Atlanta is playing brilliant offensive basketball. There is plenty of motion by both the players and the ball, which creates opportunities against defenses that lack experience and chemistry. It comes from the playbook of Mike Budenholzer, who has shown that he has graduated with high honors from one of the more significant coaching internships in professional sports history. Budenholzer got his first NBA job as Greg Popovich’s video coordinator in 1994-95, before being named a full assistant in 1996-97, where he remained until taking the Atlanta opportunity. Along the way he earned four championship rings, not just learning how to make the passing game of Pops go, but also his penchant for breaking down the particular weaknesses of opponents to tweak those schemes for any given game. He learned from a master, and has learned well.
It was not easy for either the players or the betting markets to buy in LY – in going 38-44 through Budenholzer’s first campaign, it was the first losing record for the Hawks in five seasons. There were the usual rumblings about a HC sitting in that seat for the first time, but the pieces did begin to come together down the stretch, with a closing 6-2 SU and ATS run to get the #8 playoff seed, before taking a 3-2 advantage over the Pacers in the first round of the playoffs, in a series they lost in seven.
Keeping that cast together is now making a major difference in developing a chemistry that has them at #6 in the league offensively and #5 defensively, with Golden State the only other team in the top six on both charts. And as the wins mount it becomes even easier for all of those veterans to buy in to the process. In an era of both rapid roster movement via free agency, and also far too many players entering the league without a lot of college experience, it really can be as much about the quality of basketball that you play, as the quality of players that you have. The Spurs do not get a full appreciation for that because they have some Hall of Famers in the rotation. The Hawks do not, which makes the admiration for Budenholzer go to a very high level.
The latest evidence was a shockingly easy 120-89 Sunday rout of a good Washington team that was 25-11 entering the game. No Hawk scored 20 points, but eight reached double figures, and they were credited with 33 assists, 11 different players having at least one. It led one of the best NBA analysts out there to Tweet “Hawks offense has the Wiz on skates every possession, they have no idea where to go or who to cover.” And if you think the chemistry is good now, imagine the tinkering that can be done with that seven-game home stand that begins next Monday, a span that allows plenty of opportunity for practice time.

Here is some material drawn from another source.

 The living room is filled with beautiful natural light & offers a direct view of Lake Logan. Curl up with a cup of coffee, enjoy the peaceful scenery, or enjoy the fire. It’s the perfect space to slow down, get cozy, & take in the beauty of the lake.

Item: Did the Knicks just play the worst Quarter in NBA history?
At the opposite end of the basketball chemistry standpoint is the current lab experiment going on in New York, and in order to keep the restless natives at bay, Phil Jackson had plenty to say on Saturday. The Knicks had a rare afternoon game at Madison Square Garden, before taking a few days off as a prelude to playing the Bucks in London. So it was time for Jackson’s “state of the union” address, one in which he not only admitted fault, but tried to truly define what was going on -
“This is a mea culpa. I take responsibility for it, and the fans, I want them to leave Derek alone in this regard. He’s doing the best job possible. It’s not his fault. . . . I think I spoke to that about a month ago when I said I was concerned about a loser’s mentality that might be forming with this team and it certainly is embedded right now. . . . Obviously I didn’t do the right thing in picking the group of guys that were here. . . . No one should be surprised at what we do from here on out.”
But take careful note that this was said BEFORE the Knicks took the court against a 14-24 Bobcat squad that was without starters Al Jefferson and Lance Stephenson. New York was thumped by a ridiculous 110-82 count, and yet for as bad as that score will appear in data-bases, it could have been much, much worse. A genuine case can be made that the 41-13 drubbing the Knicks suffered in the second quarter could have been the single worst frame any NBA team has ever played. Which makes one shudder to think of what Jackson might have said had his speech been afterwards.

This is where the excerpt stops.